With great anticipation, we rolled it out on our way to Taboga. It seemed the conditions were perfect... light winds on the beam.
It lasted about 10 minutes before the wind came up a little and broke the block at the top of the mast. Rats! And with the rise in wind came a wind shift... on our nose again.
The next day before we left the mooring, Dave found a replacement block and went up the mast to replace the broken one. (The cheek broke).
But on our way from Taboga to Contadora, the wind was almost on our nose the whole way. And, the distance was 40 miles to the closest anchorage, so we couldn't afford to stay out there messing around with sails all day. So we motored again. But we did notice that the lower attachment point of the sail, on our anchor tray, as far forward as we can put it, wasn't working out as anticipated. (the tray was lifting off the frame as we tensioned the luff).
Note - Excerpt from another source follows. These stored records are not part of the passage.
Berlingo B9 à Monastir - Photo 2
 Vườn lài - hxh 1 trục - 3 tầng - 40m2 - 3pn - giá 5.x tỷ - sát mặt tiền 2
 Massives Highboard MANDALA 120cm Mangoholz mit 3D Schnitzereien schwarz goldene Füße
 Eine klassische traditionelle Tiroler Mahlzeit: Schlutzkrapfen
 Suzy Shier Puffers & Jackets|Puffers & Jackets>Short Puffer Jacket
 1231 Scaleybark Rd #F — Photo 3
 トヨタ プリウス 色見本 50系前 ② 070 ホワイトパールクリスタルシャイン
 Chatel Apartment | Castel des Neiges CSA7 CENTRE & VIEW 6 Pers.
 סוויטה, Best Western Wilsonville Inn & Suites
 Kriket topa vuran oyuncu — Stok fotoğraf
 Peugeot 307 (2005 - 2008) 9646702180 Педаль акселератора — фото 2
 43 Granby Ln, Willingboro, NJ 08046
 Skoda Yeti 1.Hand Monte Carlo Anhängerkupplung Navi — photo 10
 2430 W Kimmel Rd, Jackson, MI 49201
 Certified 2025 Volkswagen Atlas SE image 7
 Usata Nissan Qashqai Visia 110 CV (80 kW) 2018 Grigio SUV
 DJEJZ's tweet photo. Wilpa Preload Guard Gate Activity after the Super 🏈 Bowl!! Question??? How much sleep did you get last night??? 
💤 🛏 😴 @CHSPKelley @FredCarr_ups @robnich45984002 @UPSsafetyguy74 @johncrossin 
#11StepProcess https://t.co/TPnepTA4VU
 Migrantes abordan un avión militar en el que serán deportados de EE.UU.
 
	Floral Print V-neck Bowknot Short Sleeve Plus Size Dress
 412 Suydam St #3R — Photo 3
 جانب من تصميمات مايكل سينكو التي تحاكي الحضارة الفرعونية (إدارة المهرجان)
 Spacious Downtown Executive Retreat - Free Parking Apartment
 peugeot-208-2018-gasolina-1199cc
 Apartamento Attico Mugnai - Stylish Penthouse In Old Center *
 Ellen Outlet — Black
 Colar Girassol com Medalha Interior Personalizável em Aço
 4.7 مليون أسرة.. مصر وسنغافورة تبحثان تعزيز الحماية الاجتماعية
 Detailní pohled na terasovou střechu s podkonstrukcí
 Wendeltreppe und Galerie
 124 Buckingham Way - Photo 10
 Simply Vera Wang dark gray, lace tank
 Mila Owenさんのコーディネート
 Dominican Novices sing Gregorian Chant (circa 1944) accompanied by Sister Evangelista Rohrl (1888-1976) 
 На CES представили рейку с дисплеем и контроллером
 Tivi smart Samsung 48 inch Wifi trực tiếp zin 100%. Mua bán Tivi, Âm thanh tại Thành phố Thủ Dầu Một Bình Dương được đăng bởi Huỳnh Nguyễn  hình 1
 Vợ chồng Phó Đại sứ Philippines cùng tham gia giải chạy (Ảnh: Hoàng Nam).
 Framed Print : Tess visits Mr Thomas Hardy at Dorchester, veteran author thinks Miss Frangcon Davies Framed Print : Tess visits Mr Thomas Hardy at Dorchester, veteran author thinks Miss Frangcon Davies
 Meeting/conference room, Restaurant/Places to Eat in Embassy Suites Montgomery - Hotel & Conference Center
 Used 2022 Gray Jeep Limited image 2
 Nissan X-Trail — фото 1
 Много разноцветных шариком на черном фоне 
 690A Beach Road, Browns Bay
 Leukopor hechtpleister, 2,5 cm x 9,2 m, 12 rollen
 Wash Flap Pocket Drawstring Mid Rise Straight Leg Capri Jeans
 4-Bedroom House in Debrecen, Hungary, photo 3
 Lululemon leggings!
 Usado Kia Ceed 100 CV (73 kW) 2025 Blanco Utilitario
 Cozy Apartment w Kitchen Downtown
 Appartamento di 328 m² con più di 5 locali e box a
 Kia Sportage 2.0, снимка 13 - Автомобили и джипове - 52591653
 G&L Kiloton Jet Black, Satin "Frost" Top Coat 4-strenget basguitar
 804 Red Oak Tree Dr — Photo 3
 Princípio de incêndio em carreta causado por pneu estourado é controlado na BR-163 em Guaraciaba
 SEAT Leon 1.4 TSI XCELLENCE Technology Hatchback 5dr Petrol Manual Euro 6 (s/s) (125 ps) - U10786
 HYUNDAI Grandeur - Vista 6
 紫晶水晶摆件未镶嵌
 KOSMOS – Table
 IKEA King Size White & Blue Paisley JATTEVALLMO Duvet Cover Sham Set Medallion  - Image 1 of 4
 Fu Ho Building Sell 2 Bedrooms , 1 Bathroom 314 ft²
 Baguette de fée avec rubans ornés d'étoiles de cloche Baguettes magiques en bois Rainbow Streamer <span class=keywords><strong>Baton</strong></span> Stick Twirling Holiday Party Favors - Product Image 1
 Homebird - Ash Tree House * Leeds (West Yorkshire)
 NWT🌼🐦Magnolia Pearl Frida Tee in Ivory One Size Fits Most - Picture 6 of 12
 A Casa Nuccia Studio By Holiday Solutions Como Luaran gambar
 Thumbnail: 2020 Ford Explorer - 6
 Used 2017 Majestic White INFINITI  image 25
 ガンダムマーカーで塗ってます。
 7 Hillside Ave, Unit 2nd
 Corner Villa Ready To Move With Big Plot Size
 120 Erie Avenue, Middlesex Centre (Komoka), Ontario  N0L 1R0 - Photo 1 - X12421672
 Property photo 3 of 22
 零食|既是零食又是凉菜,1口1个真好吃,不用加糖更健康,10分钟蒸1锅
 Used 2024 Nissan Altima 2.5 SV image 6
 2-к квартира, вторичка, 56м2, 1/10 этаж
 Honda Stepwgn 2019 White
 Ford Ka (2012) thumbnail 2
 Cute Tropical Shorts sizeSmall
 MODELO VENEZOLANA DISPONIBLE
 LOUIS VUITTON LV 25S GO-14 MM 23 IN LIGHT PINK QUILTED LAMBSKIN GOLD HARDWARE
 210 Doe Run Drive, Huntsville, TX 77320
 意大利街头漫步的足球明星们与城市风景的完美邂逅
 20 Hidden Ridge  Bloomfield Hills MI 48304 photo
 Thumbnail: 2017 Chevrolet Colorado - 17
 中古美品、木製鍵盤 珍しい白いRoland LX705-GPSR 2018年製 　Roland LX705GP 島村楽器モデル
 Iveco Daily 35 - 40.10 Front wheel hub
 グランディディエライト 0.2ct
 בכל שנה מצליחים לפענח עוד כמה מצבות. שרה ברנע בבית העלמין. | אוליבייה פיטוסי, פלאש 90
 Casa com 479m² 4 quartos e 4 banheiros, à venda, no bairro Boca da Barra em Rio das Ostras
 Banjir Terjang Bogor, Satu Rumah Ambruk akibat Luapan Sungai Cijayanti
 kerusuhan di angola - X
So yesterday, hanging out at anchor at Isla Pedro Gonzales, Dave and Ron and Jim engineered a cobbled-up fix to the problem. I was busying doing other things, but there were sawing and drilling noises coming from the workshop. I'm sure Dave will explain the final solution when we have it working well. About dusk they seemed satisfied that what they had whipped up would work for now.
We are hoping to be able to sail today. We have 20 miles to go to the next anchorage.